# Week 7 - Modern Digital Technologies in Text Analysis

# Advanced Natural Langage Processing

In this seminar, we are going to cover various advanced NLP techniques and leverage machine learning algorithms to extract information from text data as well as some of the advanced NLP applications with the solution approach and implementation.

1. Noun Phrase extraction
2. Text similarity
3. Parts of speech tagging
4. Information extraction – NER – Entity recognition
5. Topic modeling
6. Text classification
7. Sentiment analysis
8. Word sense disambiguation
9. Speech recognition and speech to text
10. Text to speech
11. Language detection and translation

Before going further let's discuss and understand the NLP pipeline and life cycle first. There are so many concepts we are implementing in this course, and we might get overwhelmed by the content of it. To make it simpler and smoother, let’s see what is the flow that we need to follow for an NLP solution.

For example, let’s consider customer sentiment analysis and prediction for a product or brand or service.

- **Define the Problem:** Understand the customer sentiment across the products.
- **Understand the depth and breadth of the problem:** Understand the customer/user sentiments across the product; why we are doing this? What is the business impact? Etc.

- **Data requirement brainstorming:** Have a brainstorming activity to list out all possible data points.
     - All the reviews from customers on e-commerce platforms like Amazon, Flipkart, etc.
     - Emails sent by customers
     - Warranty claim forms
     - Survey data
     - Call center conversations using speech to text
     - Feedback forms
     - Social media data like Twitter, Facebook, and LinkedIn
 
- **Data collection:** We learned different techniques to collect the data eailier from different resources (Seminar: Extracting the Data). Based on the data and the problem, we might have to incorporate different data collection methods. In this case, we can use web scraping and Twitter APIs.

- **Text Preprocessing:** We know that data won’t always be clean. We need to spend a significant amount of time to process it and extract insight out of it using different methods that we discussed earlier. (Seminar: Exploring and Processing Text Data)

- **Text to feature:** As we discussed, texts are characters and machines will have a tough time understanding them. We have to convert them to features that machines and algorithms can understand using any of the methods we learned in the previous seminar.

- **Machine learning/Deep learning:** Machine learning/ Deep learning is a part of an artificial intelligence umbrella that will make systems automatically learn patterns in the data without being programmed. Most of the NLP solutions are based on this, and since we converted text to features, we can leverage machine learning or deep learning algorithms to achieve the goals like text classification, natural language generation, etc.

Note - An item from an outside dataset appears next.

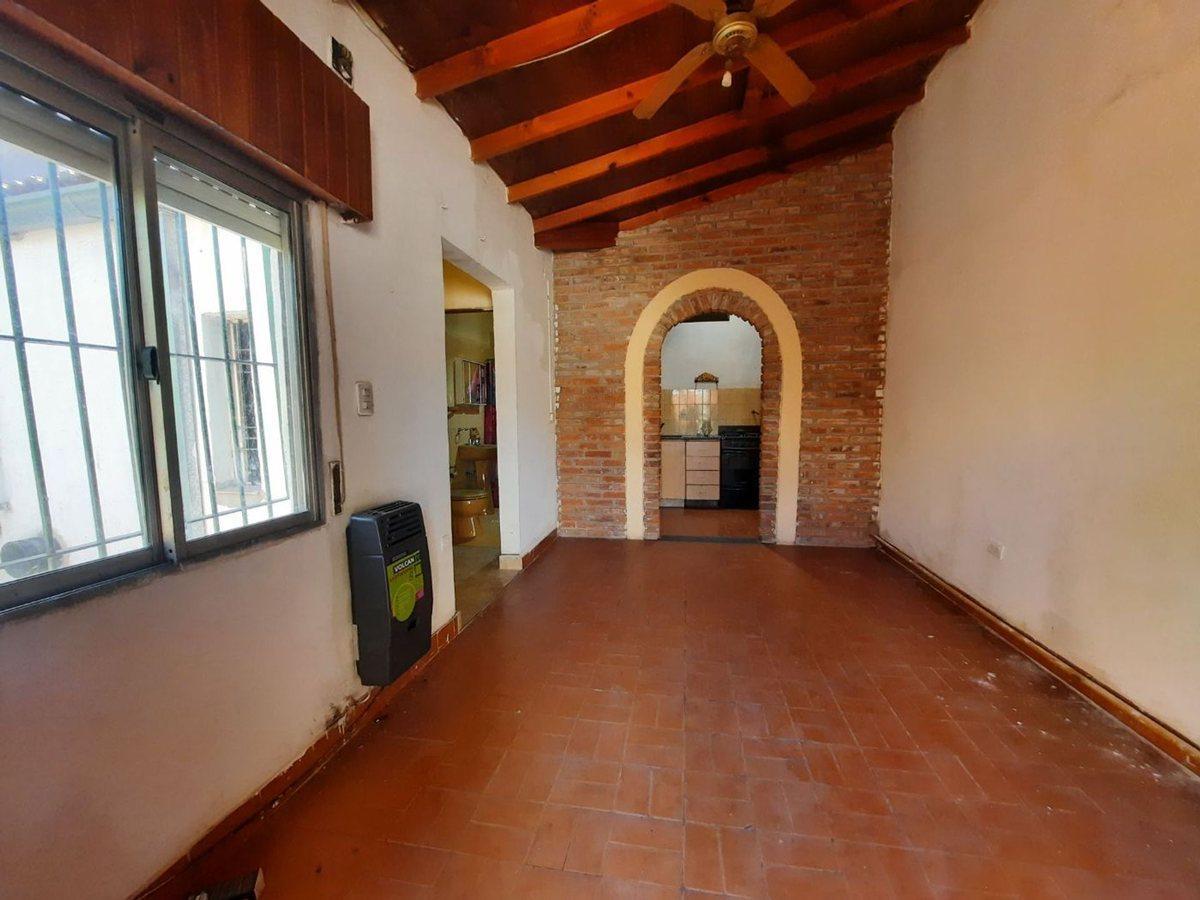 Foto de Venta PH al fondo 3 ambientes A Modernizar, imagen 1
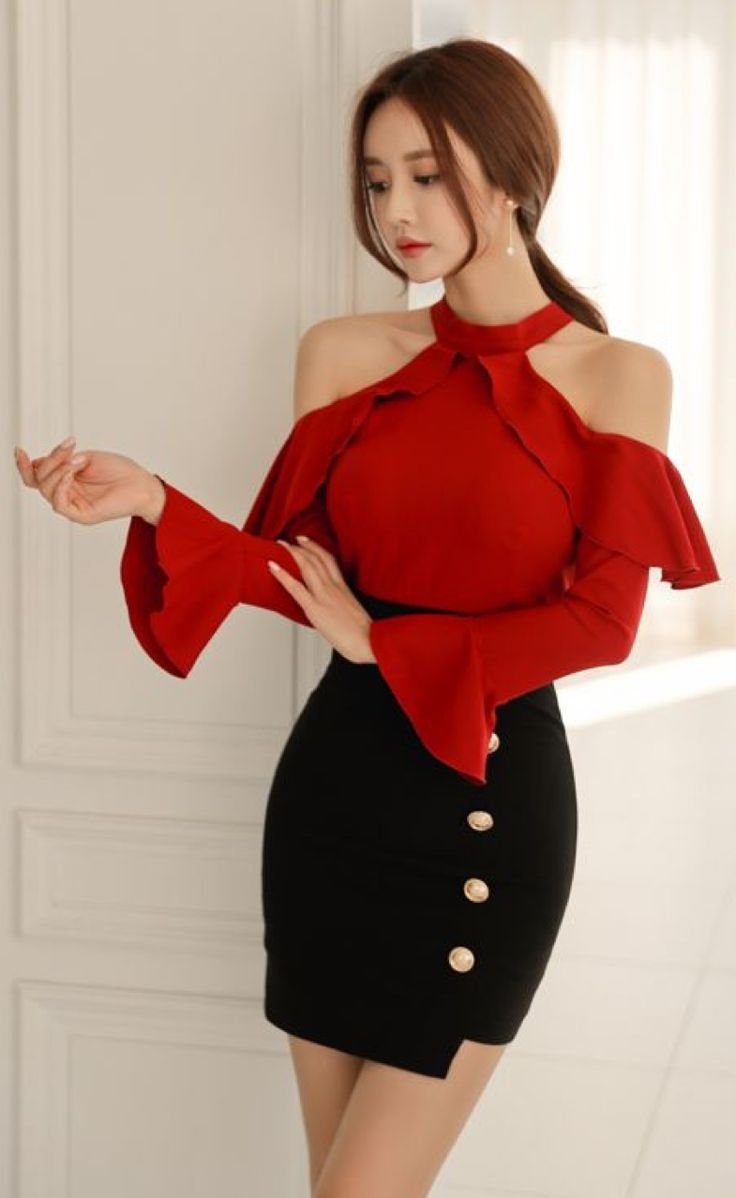 Кореянка в Красном платье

- **Insights and deployment:** There is absolutely no use or building NLP solutions without proper insights being communicated to the business. Always take time to connect the dots between model/analysis output and the business, thereby creating the maximum impact.


## 1. Extracting Noun Phrases

Let us extract a noun phrase from the text data (a sentence or the documents).

### Problem

You want to extract a noun phrase.

### Solution

Noun Phrase extraction is important when you want to analyze the “who” in a sentence. Let’s see an example below using TextBlob.

### How It Works

Execute the following code to extract noun phrases.

In [None]:
#Import libraries
import nltk
from textblob import TextBlob

In [None]:
# Extract noun
blob = TextBlob("John is learning natural language processing")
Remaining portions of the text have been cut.